> **EXERCISE**
All lines from the one containing "2011 Daihatsu Mira Cocoa" through the last line of the listing should be given again exactly, with no pictures.

[RECORDS TO USE Boundary: Start]

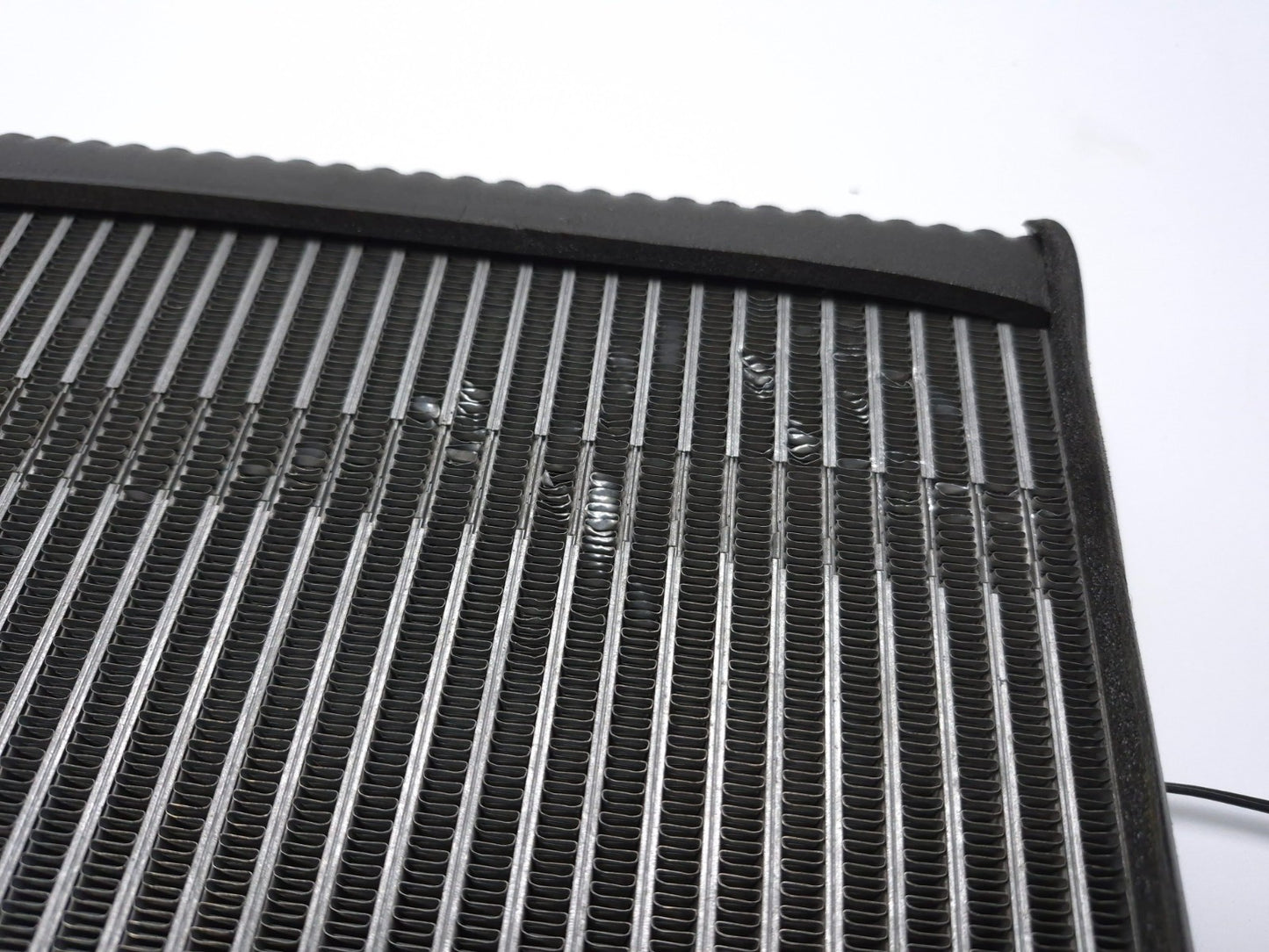 2020 Infiniti Q50 AC Evaporator Oem✅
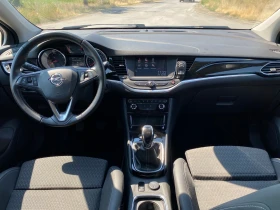 Opel Astra 1.4T-ECOM | Mobile.bg    7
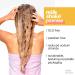 Buy Milkshake Balm 1000 ml - Nourishing Hair Treatment | International Shipping - Buy Online on GoSupps.com
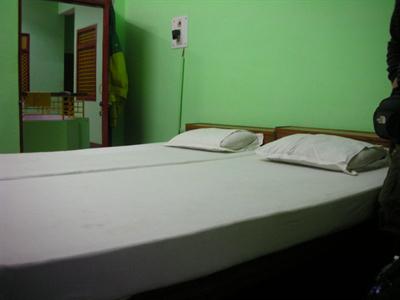 фото отеля Sankatha Guest House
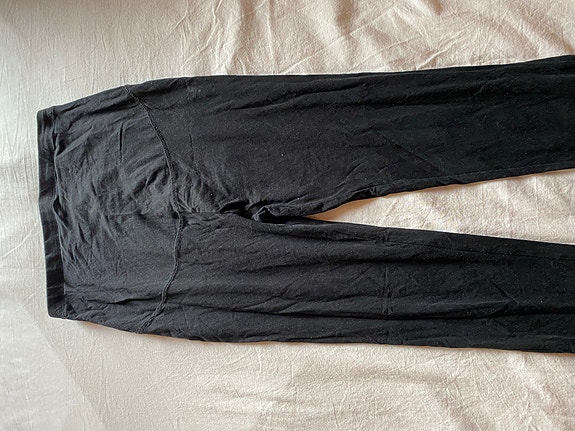 Product image 11 of 28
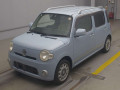 2011 Daihatsu Mira Cocoa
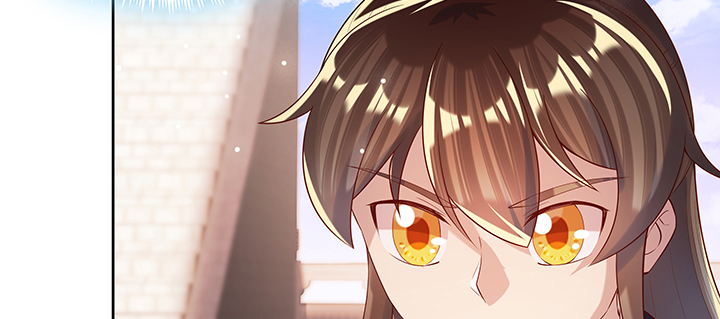 155话 悟性(1/3)-第154话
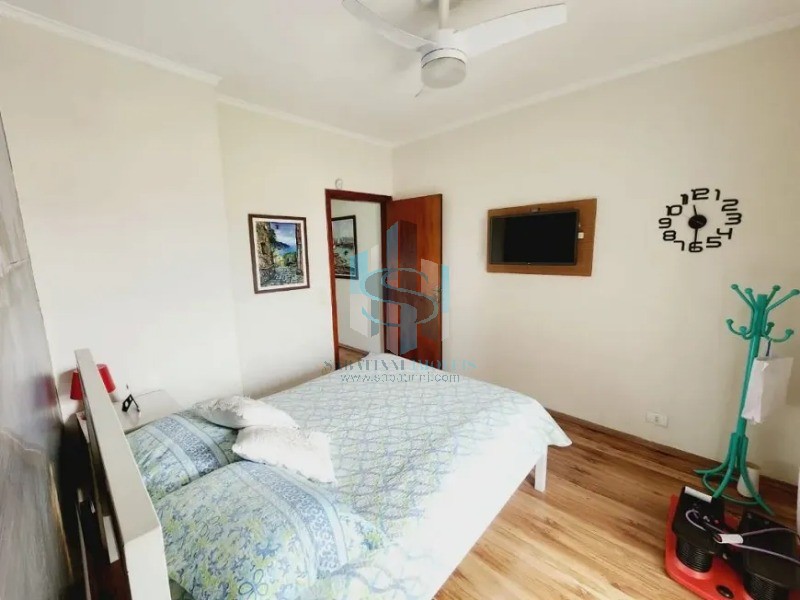 Casa à venda com 2 quartos, 200m² - Foto 18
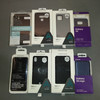 59 Units of Smartphone Cases - MSRP 3120$ - Returns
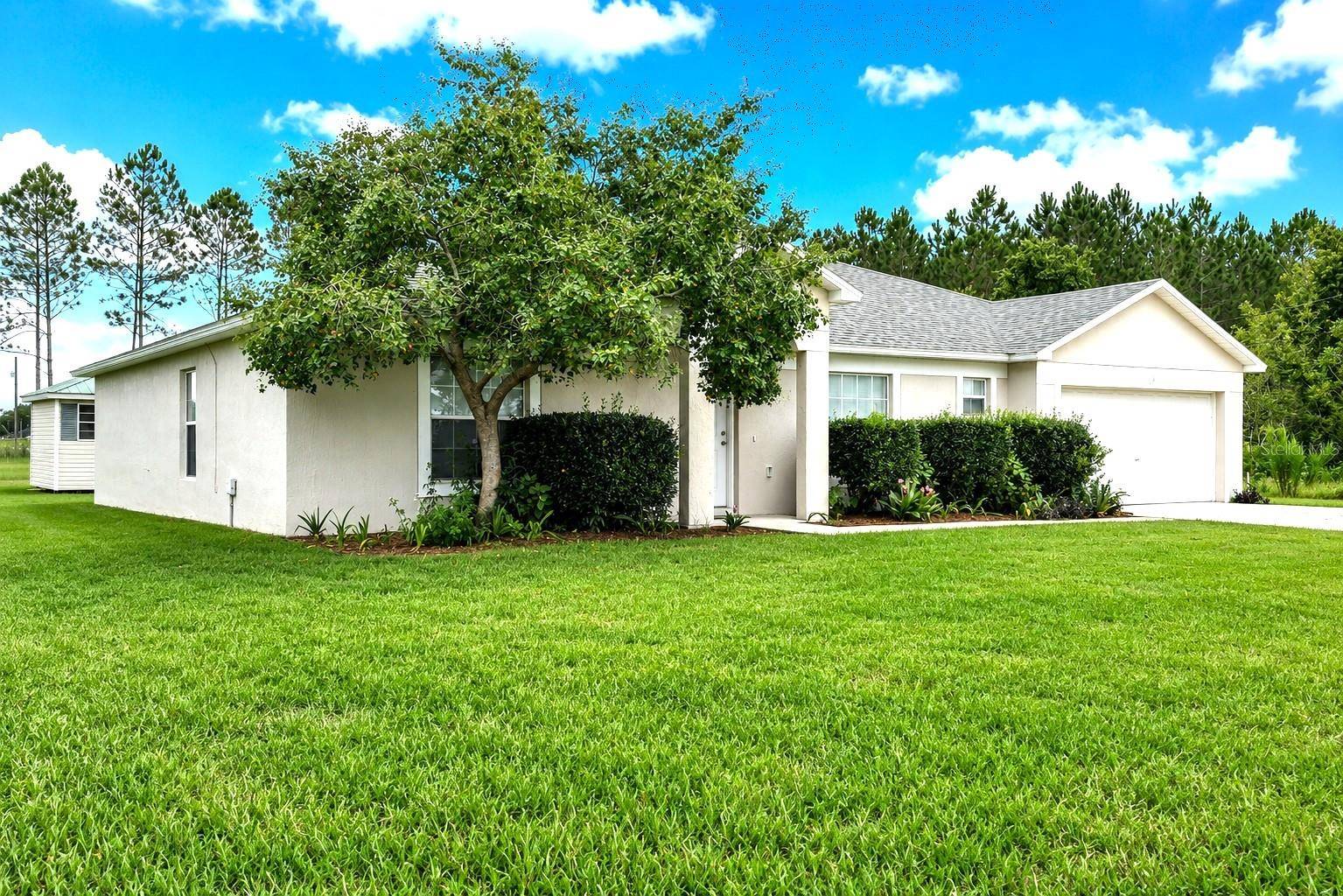 18 JUNIPER LOOP DR, Ocala, FL 34480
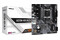Płyta główna ASrock A620M HDV/M.2 Socket AM5 AMD A620 DDR5 microATX
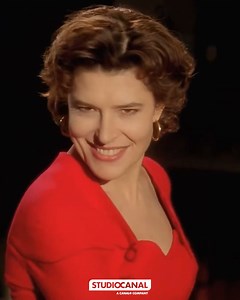 1.7K views · 37 reactions | A quoi sert de vivre libre quand on vit...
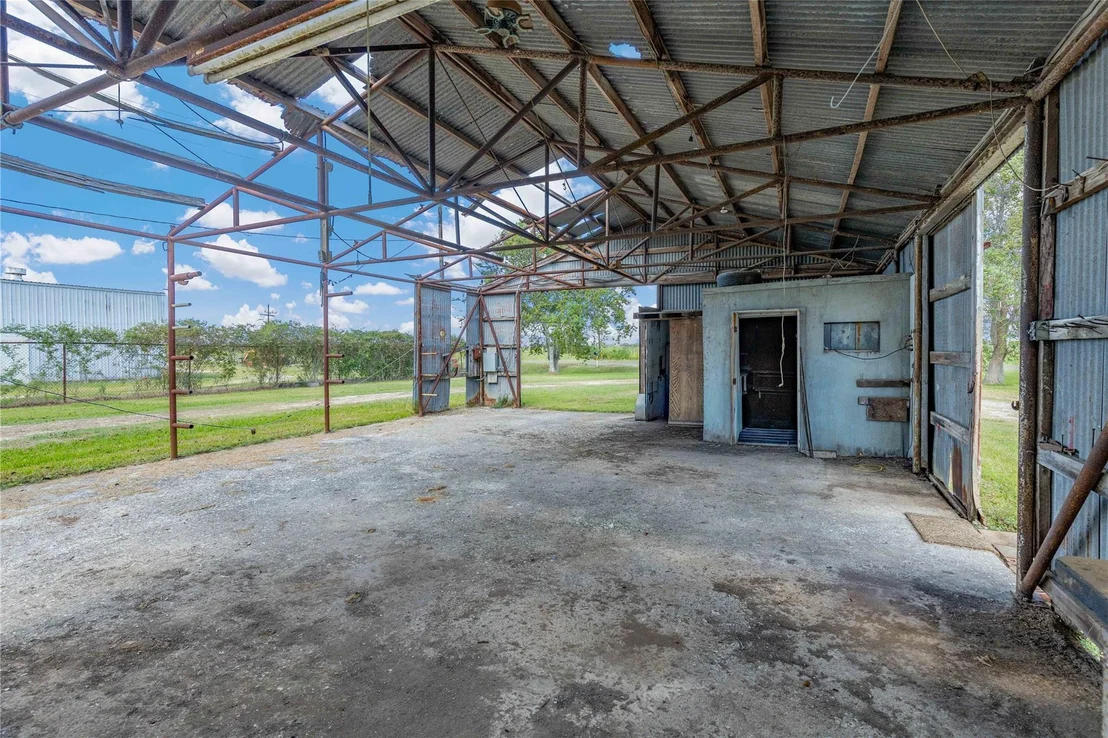 Photo of 3504 State Highway 61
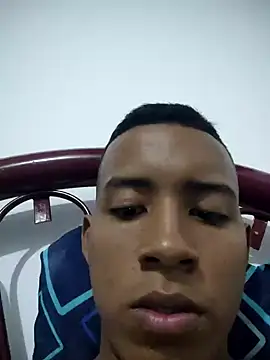 Cede72 online show from 12.17.25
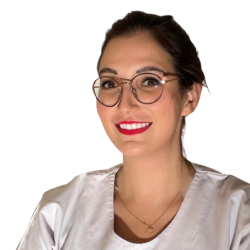 Ghehioueche Nejma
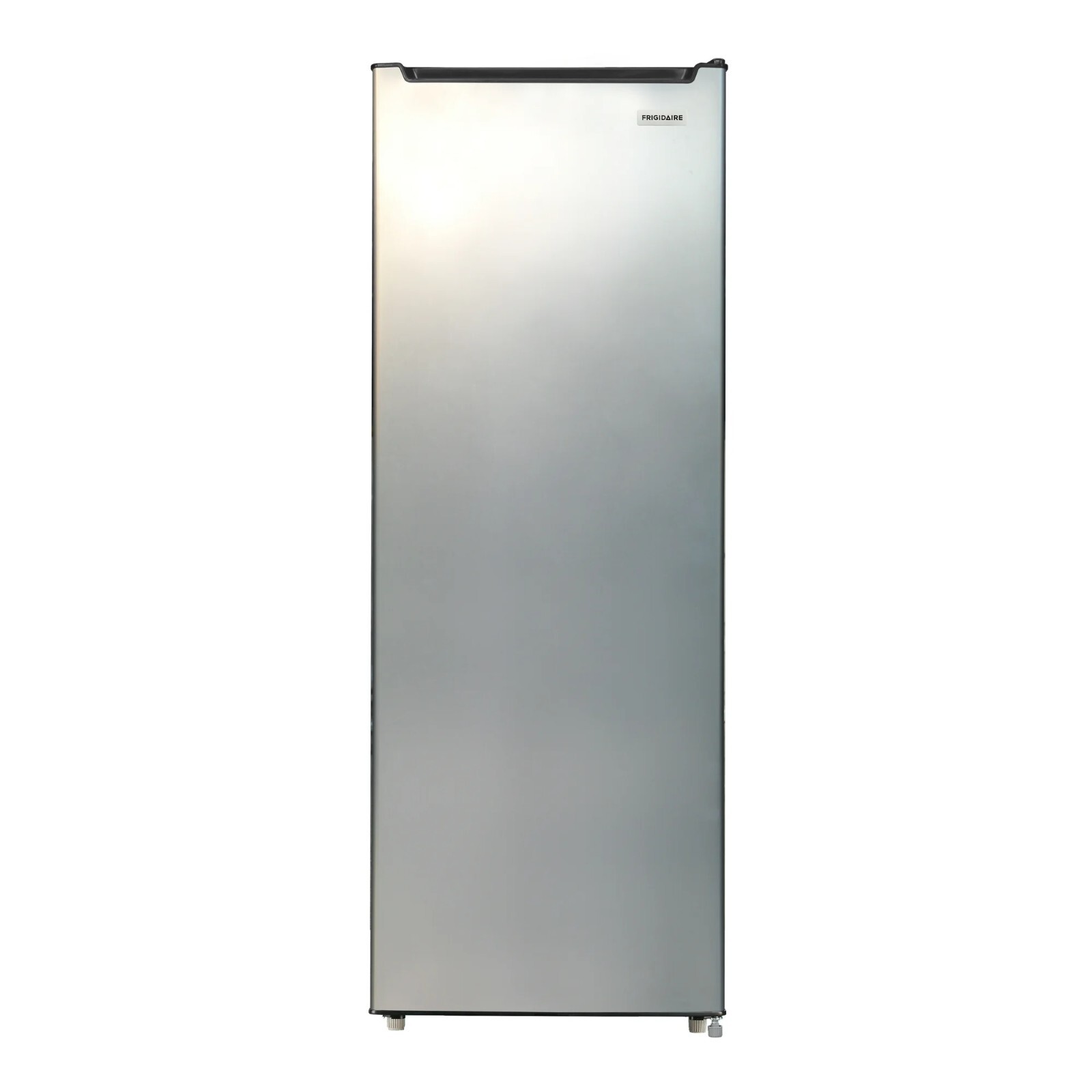 Fäviken FORK suitable to EATON - FULLER 16775 | Euroricambi Group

[RECORDS TO USE Boundary: End]

> **WORKED SOLUTION**
 2011 Daihatsu Mira Cocoa
 155话 悟性(1/3)-第154话
 Casa à venda com 2 quartos, 200m² - Foto 18
 59 Units of Smartphone Cases - MSRP 3120$ - Returns
 18 JUNIPER LOOP DR, Ocala, FL 34480
Płyta główna ASrock A620M HDV/M.2 Socket AM5 AMD A620 DDR5 microATX
 1.7K views · 37 reactions | A quoi sert de vivre libre quand on vit...
 Photo of 3504 State Highway 61
 Cede72 online show from 12.17.25
 Ghehioueche Nejma
 Fäviken FORK suitable to EATON - FULLER 16775 | Euroricambi Group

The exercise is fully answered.